# [STUDY MATERIAL]
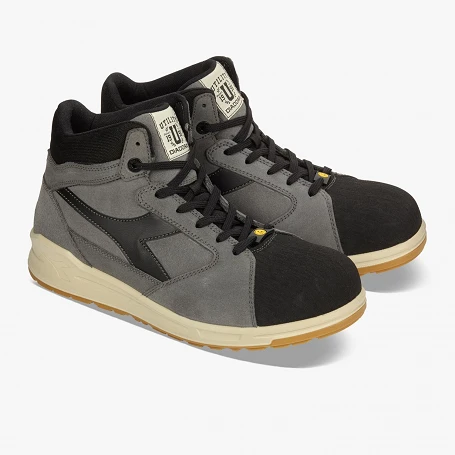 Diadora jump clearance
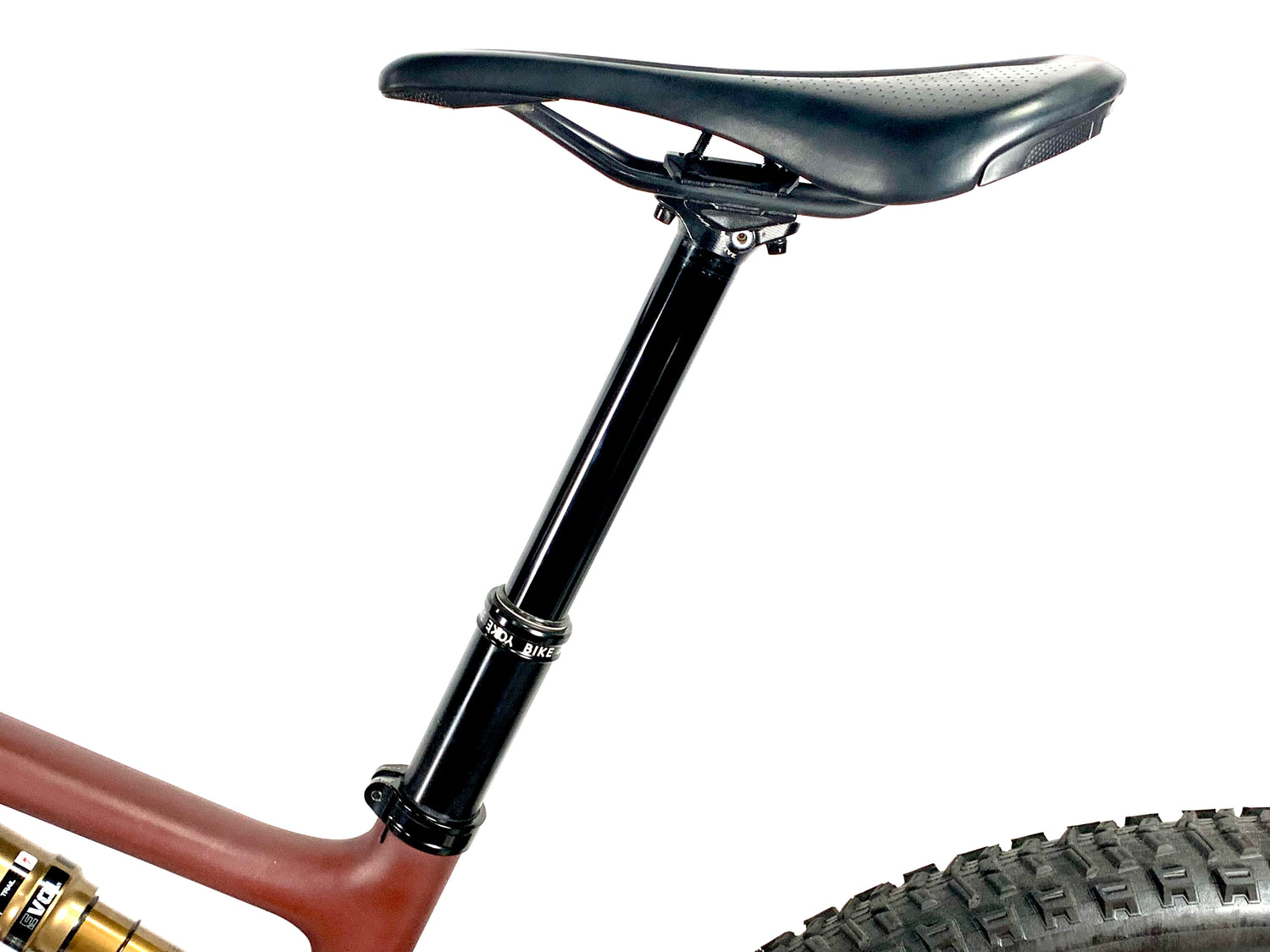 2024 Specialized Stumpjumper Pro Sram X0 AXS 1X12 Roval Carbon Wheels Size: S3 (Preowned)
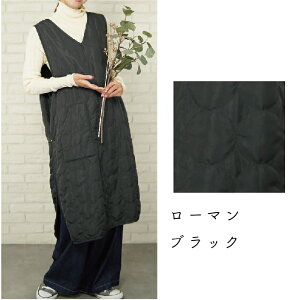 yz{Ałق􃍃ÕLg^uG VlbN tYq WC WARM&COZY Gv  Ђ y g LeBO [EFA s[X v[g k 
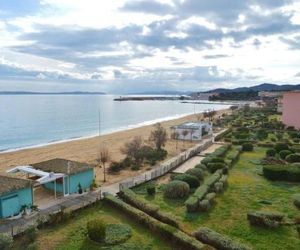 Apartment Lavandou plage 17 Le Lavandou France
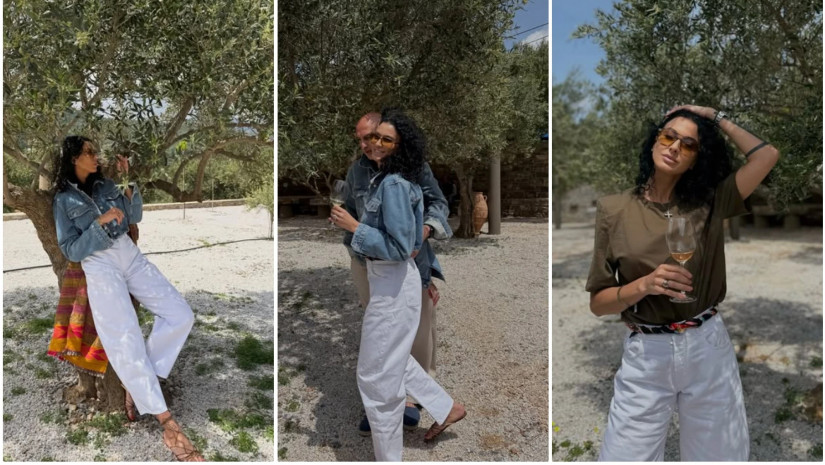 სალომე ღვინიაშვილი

# [EXERCISE AIM]
Each line from the one containing "2024 Specialized Stumpjumper" through the last line above should be retyped exactly, and no other line. Any picture is to be left out.

# [REPLY TO THE EXERCISE]
 2024 Specialized Stumpjumper Pro Sram X0 AXS 1X12 Roval Carbon Wheels Size: S3 (Preowned)
 yz{Ałق􃍃ÕLg^uG VlbN tYq WC WARM&COZY Gv  Ђ y g LeBO [EFA s[X v[g k 
 Apartment Lavandou plage 17 Le Lavandou France
 სალომე ღვინიაშვილი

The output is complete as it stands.